José Lebre crée une association dans le but de se retrouver entre Portugais et de partager. Un groupe de Portugais travaillant dans une usine à Saint Maur décide en 1966 de créer l’« Union Sportive des Lusitanos » afin de se distraire davantage. C’était un début un simple club de collègues et amis mais plus le temps passe et plus il acquiert une notoriété grandissante. Ainsi, ils entrèrent en compétitions et recrutèrent même des joueurs non portugais. Suite à l’arrivée du président Armand Lopes, en 1975, les Lusitanos grimpent en division supérieure. Aujourd’hui encore, notamment avec le nouveau président Arthur Machado, l’équipe porte fièrement le drapeau portugais mais surtout l’image du Val-De-Marne.

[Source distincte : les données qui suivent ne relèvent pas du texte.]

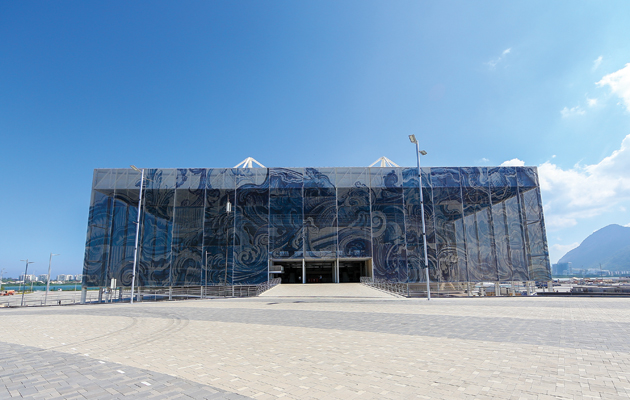rio 1
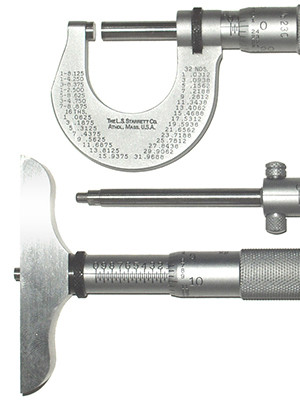 System palmer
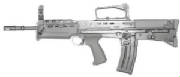 sa-80.jpg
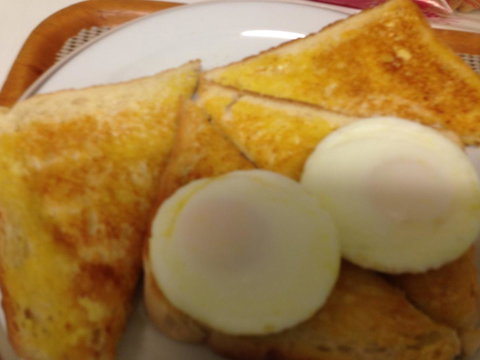 City Heart Motel Warrnambool - Pubs and Clubs 15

La plus grande communauté portugaise de France
La situation des années 1980 conduit le gouvernement français à favoriser l’expression de l’immigration à travers des nouvelles infrastructures comme la radio. La radio des Portugais, toujours existante depuis 25 ans aujourd’hui, va émettre à Valenton dans le Val-de-Marne. Radio Alfa présente sur la bande FM 98.6 fait vivre la culture portugaise dans le département et compte plus d’un million d’auditeurs par an. Son détenteur Monsieur Armand Lopes est également président du club l’US Créteil-Lusitanos, club de football qui naît des initiatives croissantes.
De nos jours la culture portugaise vit toujours dans le Val-de-Marne, pour exemple la Fête des Saints-Populaires est organisée tous les ans et ce depuis 1989 par Radio Alfa, à Créteil. Cette fête, qui réunit tous les habitants de Lisbonne dans les rues de la ville chaque année, rassemble également près de 30 000 personnes sur l’Ile des loisirs de Créteil à l’occasion du grand festival organisé par Radio Alpha.
Dans le même élan, les festivités ne s’arrêtent pas à un évènement par an, dans le Val-de-Marne on retrouve de nombreuses discothèques portugaises, lieu de rendez-vous de cette communauté rythmée. La plus emblématique depuis 25 ans est La Costa do Sol à Villeneuve-Saint-Georges suivi par le Fish Club à Chennevières, Lua Vista à La Queue-en-Brie ou le Foz Club à Créteil.
Des commerces de la communauté portugaise sont également présents tel que CandiEuropa à Champigny tenu par un ancien habitant du bidonville et précurseur de la vente des produits du pays dans la région : Fernando Candido. Les Halles du Portugal à Choisy suivent le même chemin et connaissent un franc succès sur la vente de produits typiques comme la « bacalhau » (morue) ou encore des « pasteis de nata » (pâtisserie traditionnelle). Les marchés régionaux proposent également de nombreux produits comme celui de Villiers-sur-Marne.
Le 25 avril 2016 à Fontenay-sous-Bois dans le Val-de-Marne, un monument a été érigé en l’honneur des nombreux exilés politiques venant du monde et notamment portugais accueilli à Fontenay-sous-Bois dans un foyer géré par plusieurs associations humanitaires. L’association portugaise de Fontenay-sous-Bois a obtenu l’appui de la ville pour sa mise en place sur un des ronds-points de la ville. Il rend de plus hommage à la liberté retrouvée au Portugal le 25 avril 1974, et tous les ans, s’y déroule un défilé aux flambeaux qui associe l’association portugaise, des représentants des autorités portugaises en France et des responsables de la municipalité.